In 1962, the Defense Department's Advanced Research Projects Agency (ARPA) had brought to Washington a man who made a singularly important difference in the history of computers and networks. Dr. Joseph C. R. Licklieder (always called Lick ) came from Harvard, via the Cambridge consulting firm of Bolt Baranek and Newman (big on early ARPANET/Internet work), with an unusually open charter to foster research associated with the theme on which he himself had previously published, "Man-Computer Symbiosis." and toward the technology necessary to do "time sharing" of a computer's processing power between a number of concurrently active online users.

When J. C. R. Licklieder came to IPTO, I was figuratively standing at the door with the Conceptual Framework report and a proposal. There the unlucky fellow was, having advertised that "man computer symbiosis," computer time-sharing, man-computer interface etc. were the new directions -- how could he in reasonable consistency turn this down, even if it was way out there in Menlo Park.

Because Engelbart's published framework of 1963 and the pursuits proposed therein were so much on line with his, Licklieder began steering funds to him despite voiced misgivings of some of his colleagues -- something that came into the open some years later from unguarded chatter by some of them at a cocktail party. "Nothing personal, you understand," it's just that "way out there in Palo Alto, there isn't the computer and programming talent to justify investing good R&D dollars." The year before, a proposal made to a government funding agency had been turned down in almost those exact words in spite of being rated as "a very interesting proposal."

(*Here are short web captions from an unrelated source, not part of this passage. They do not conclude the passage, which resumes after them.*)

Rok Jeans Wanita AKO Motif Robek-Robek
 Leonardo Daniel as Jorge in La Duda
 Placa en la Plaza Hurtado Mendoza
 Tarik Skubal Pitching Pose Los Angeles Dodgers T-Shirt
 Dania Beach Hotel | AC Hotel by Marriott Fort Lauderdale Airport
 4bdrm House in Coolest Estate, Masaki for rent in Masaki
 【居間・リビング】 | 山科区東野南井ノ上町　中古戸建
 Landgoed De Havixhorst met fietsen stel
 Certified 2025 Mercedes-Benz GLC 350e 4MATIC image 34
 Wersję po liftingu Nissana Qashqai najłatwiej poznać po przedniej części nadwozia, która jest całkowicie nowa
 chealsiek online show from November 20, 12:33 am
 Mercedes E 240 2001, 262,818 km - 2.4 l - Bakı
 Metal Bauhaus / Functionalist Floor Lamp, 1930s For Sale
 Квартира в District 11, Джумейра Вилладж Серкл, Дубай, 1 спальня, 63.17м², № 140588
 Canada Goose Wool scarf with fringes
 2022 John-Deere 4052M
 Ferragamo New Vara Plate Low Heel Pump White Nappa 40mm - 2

The first 2 years were flops. The 1st year SRI managers were really concerned about the publication about the 62 report: "Augmenting Human Intellect: A Conceptual Framework" It seemed arty fartsy blue sky stuff with no reality. Still, money from ARPA came for this and they put a 'more experienced guy' in charge. Doug got a promotion to be Senior Research Engineer. But the job would be done by the project leader. Doug was out of the loop. The other guy was in control. Doug protested. Helplessly and frustrated. Doug says: I wasn't cogent enough to call Lick but he came out for a project review. He asked me what it was all about. He said 'god damn it, this stuff is so bad if my boss found out he'd fire me!' So I explained and he called them, he said more money would be sent, but don't do that again. 2nd year Lick wanted Doug to go ahead with an idea of an augmentation system at SRI where he wanted Doug to program a client program on a small computer and a little CRT display. The display could show letters etc. but it was supposed to work through a modem with a time sharing computer at LA who he was already supporting to be time shared.Doug's group was amongst the first groups to be time shared. But it only lasted for about 3-5 minutes before crashing. So the second year didn't mature much either But Lick kept going. In the third year Doug said we'd like to have our our own computer which would be big enough to run our own real time system. A CDC 3100 arrived. It was a real boon to have a machine. They needed a display for that so they built their own. It cost $80-90,000. In those days there was no way you could have enough high speed memory to store the bit map of the display. You couldn't store it and have it operate fast enough, so they had to build the electronics for it as well. It would have to move the beam into position and turn it on and move it around to display the characters. It could only do upper case characters. They used this for 4 years or so. BTW, upper case was indicated by a bar over the character. As Doug says: This was the best we could do for a ton of money, you can then see how people said it would be crazy to spend this on individuals, but we said it wouldn't stay that way for long...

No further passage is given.